Matthew Meade (1628/9 - 1699), clergyman
and ejected minister
Born in Leighton Buzzard, Matthew was the second
son of Richard and Joane Meade of Mursley, Buckinghamshire. He
studied at Eton College and was elected a scholar at King's College,
Cambridge, and was admitted in 1649. However he resigned, possibly
to avoid expulsion for refusing to take the engagement to the Commonwealth.
Between 1653 and 1657 he was involved in a dispute over the rectory
of Great Brickhill, Buckinghamshire, which he eventually lost.
On the 3rd January 1655, at St Mary Woolnoth, London,
Matthew married Elizabeth Walton of All Hallows, Lombard Street,
London. During this year he became morning lecturer at St Dunstans
and All Saints, Stepney, where Richard Baxter was curate, and he
joined the gathered congregation on 28 December 1656. During 1657
he was appointed as an assistant to both the Buckinghamshire and
the Middlesex commissions and in 1658 Cromwell appointed him to
be curate of New Chapel, Shadwell, and in 1659 he
became
a lecturer
at St Bride's, Fleet Street. Then in January 1660 he was appointed
preacher to the council of state.
At the Restoration, Meade was ejected from his positions,
but he continued to preach. In 1661 he was required to pay a £300
recognizance for good behaviour following Thomas Venner's Fifth
Monarchist uprising. In 1661 he was also leturer at St Sepulchre,
Holborn, but was ejected from this position in 1662.

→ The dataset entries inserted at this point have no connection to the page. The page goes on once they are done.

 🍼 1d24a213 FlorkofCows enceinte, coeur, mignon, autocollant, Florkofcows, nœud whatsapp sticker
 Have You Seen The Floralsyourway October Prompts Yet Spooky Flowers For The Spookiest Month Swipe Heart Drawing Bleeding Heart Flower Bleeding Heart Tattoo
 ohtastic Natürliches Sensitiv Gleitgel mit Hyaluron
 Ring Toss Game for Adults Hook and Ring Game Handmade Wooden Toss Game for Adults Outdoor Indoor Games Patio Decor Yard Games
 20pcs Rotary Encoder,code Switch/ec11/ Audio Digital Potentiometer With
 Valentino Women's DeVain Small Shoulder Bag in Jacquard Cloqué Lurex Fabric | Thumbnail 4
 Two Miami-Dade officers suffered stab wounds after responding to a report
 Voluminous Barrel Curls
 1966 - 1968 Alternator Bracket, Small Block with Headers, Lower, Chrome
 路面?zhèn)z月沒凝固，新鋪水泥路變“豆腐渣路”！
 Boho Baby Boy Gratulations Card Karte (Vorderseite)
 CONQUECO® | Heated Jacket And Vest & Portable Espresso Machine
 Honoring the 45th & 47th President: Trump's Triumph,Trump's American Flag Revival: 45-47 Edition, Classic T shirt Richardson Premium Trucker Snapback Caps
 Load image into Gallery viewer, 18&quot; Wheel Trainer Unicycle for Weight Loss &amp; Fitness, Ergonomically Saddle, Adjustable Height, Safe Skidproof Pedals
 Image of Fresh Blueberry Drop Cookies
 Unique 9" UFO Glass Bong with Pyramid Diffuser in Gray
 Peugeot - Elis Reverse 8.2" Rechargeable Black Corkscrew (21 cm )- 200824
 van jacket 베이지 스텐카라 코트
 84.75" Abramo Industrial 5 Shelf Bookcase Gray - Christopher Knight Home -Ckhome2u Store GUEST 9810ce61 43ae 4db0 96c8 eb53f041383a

After a period in Holland, Meade returned to England
by 1665. By 1669 he had become Greenhill's assistant at Stepney.
He was also associated with an Independent church at Woburn, Bedfordshire
and a congregation of baptists, independents and prebyterians at
Sibson, Leicestershire.
When Greenhill died in 1671 Meade was ordained pastor
of the Independent church at Stepney. By 1674 he began what became
his annual May Day sermons
for
young people. In 1678 he was found gulty under the Five Mile Act
and fined £40. However, he continued to preach, and in 1681,
together with Owen and nine other dissenters was fined a total
of £4840 for recusancy and violating the Five Mile Act. In
1682 he was fined a further £180 at the Middlesex sessions
for preaching at his house.
In June 1683 Meade became entangled in the Rye House
Plot and was arrested as he attempted to flee the country. His
involvement
included housing John Nisbet, an agent of the United Societies,
and having contact with the plotter Robert Ferguson. However, it
would appear he had no knowledge of the plot to assisinate Charles
and James. After petitioning Charles for pardon and release he
was finally released in July 1683.
On Owen's death in September 1683, Meade succeeded
him as lecturer at Pinners' Hall, London. By December the same
year he was charged with recusancy and attending conventicles and
ordered to conform and publicly confess. In 1684 he was amongst
11 dissenters targeted for arrest.
In 1685 Ferguson sought to use Meade to help raise
London for Monmouth. However, wary of involvement Meade managed
to avoid providing help and left the country for the Netherlands
with the help of Sir John thompson, MP.
Initially, whilst in Amsterdam Meade was openly hostile
toward James II's regime, however, by April 1686 he had reversed
his feelings, and by the summer of that year he was seeking to
obtain a pardon.
Meade was eventually pardoned on 19th March 1687
and he returned to England. In 1689 the congregration of the Stepney
meeting house added galleries to their place of worship
and gave the adjoing house and garden to Meade.
The remaining years of Meade's life were devoted
toward the cause of nonconformist unity. In 1690 he promoted the
Happy Union of Independents and Prebyterians, and the Common Fund
to
assist needy ministers. In 1695, a year after the Happy Union ran
into trouble, Meade helped found the Congregational Fund
Board
to aid
needy clergy.
On 16 October 1699 at the age of 70, Matthew Meade
died. He was buried in Stepney churchyard. He was survived by his
widow and seven of their thriteen children.